──────── GIVEN DATA
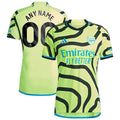 Arsenal 23/24 Third Jersey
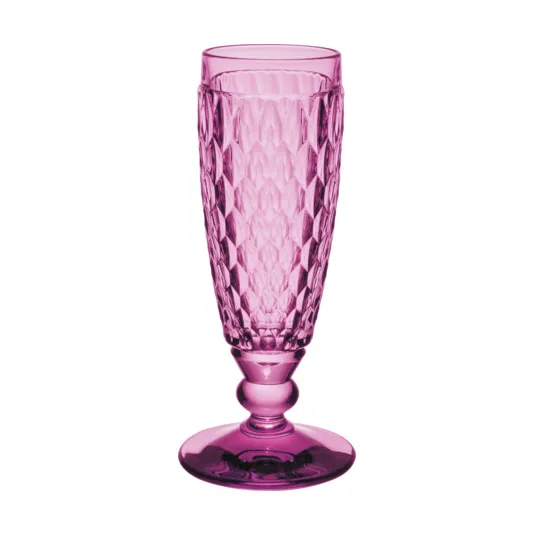Boston champagne glass 12 cl, Berry Villeroy & Boch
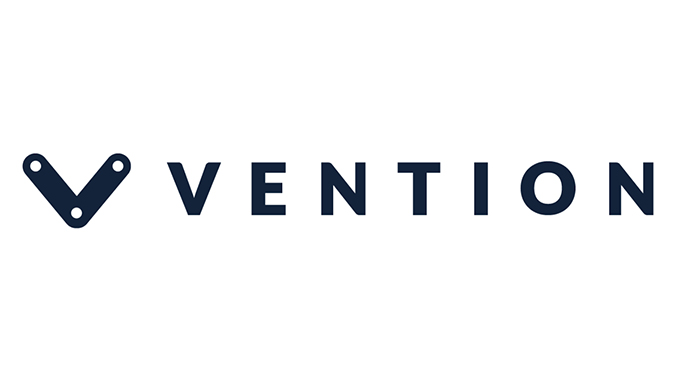 Vention社製品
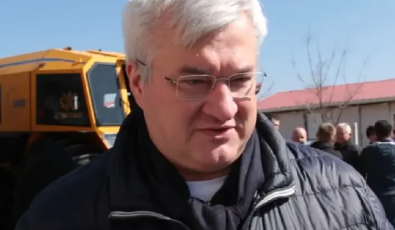 ΥΠΕΞ Ουκρανίας: Η Μόσχα δεν έχει παρουσιάσει κανένα στοιχείο για τα υποτιθέμενα drones κατά κατοικιών του Πούτιν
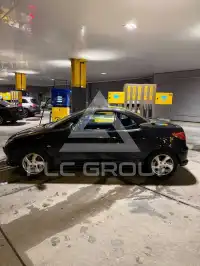 2007 Peugeot 206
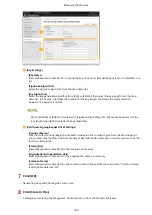 Preview for 170 page of Canon 2438C006 User Manual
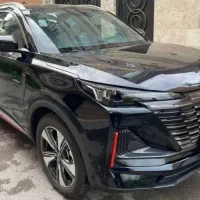 چانگان cs55 پلاس وارداتی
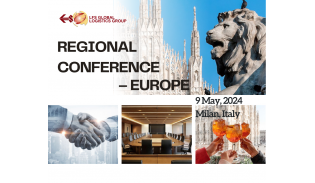 5.9 REGIONAL CONFERENCE - EUROPE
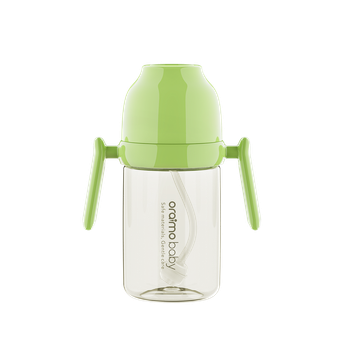 Oraimo PureDrink 300 300ml PPSU Baby Bottle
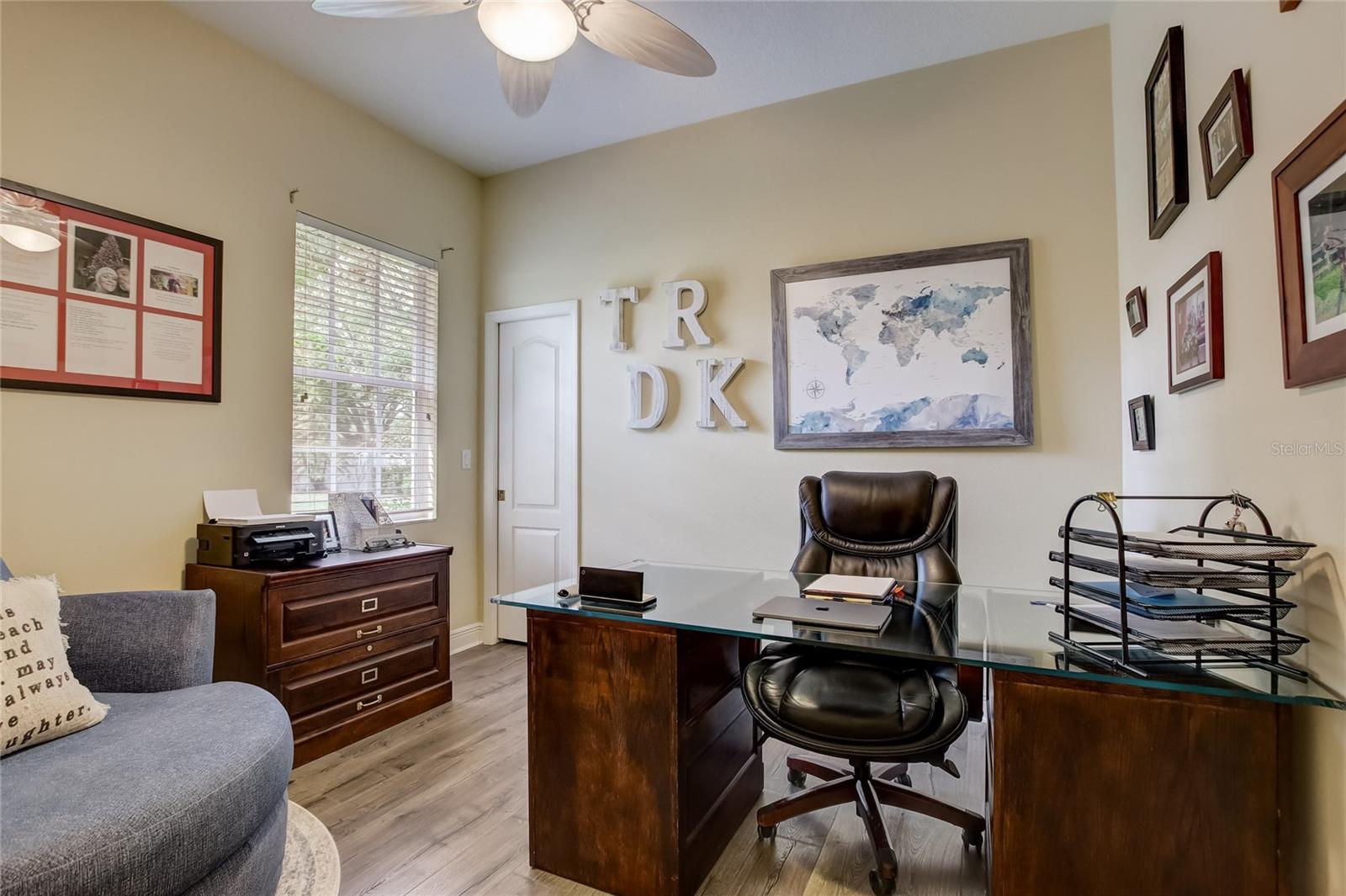 VENICE GOLF & COUNTRY CLUB - Residential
────────────────
→ **EXERCISE BRIEF**: Exactly as written, repeat the lines from the beginning of the entries up to and including the line with "Oraimo PureDrink 300 300ml PPSU Baby Bottle", but not the pictures.

→ **RESULT**:
 Arsenal 23/24 Third Jersey
Boston champagne glass 12 cl, Berry Villeroy & Boch
 Vention社製品
 ΥΠΕΞ Ουκρανίας: Η Μόσχα δεν έχει παρουσιάσει κανένα στοιχείο για τα υποτιθέμενα drones κατά κατοικιών του Πούτιν
 2007 Peugeot 206
 Preview for 170 page of Canon 2438C006 User Manual
 چانگان cs55 پلاس وارداتی
 5.9 REGIONAL CONFERENCE - EUROPE
 Oraimo PureDrink 300 300ml PPSU Baby Bottle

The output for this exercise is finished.